*Material shown*.
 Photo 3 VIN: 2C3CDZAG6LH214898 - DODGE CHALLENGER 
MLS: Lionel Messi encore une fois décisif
* * *
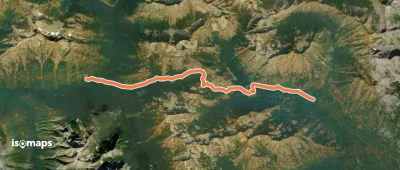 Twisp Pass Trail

*Work task*. For this exercise, output exactly the lines above from the line with "Photo 3 VIN: 2C3CDZAG6LH214898" to the line with "MLS: Lionel Messi encore une fois décisif", counting both, and leave out the rest.

*Answer to this task*.
 Photo 3 VIN: 2C3CDZAG6LH214898 - DODGE CHALLENGER 
MLS: Lionel Messi encore une fois décisif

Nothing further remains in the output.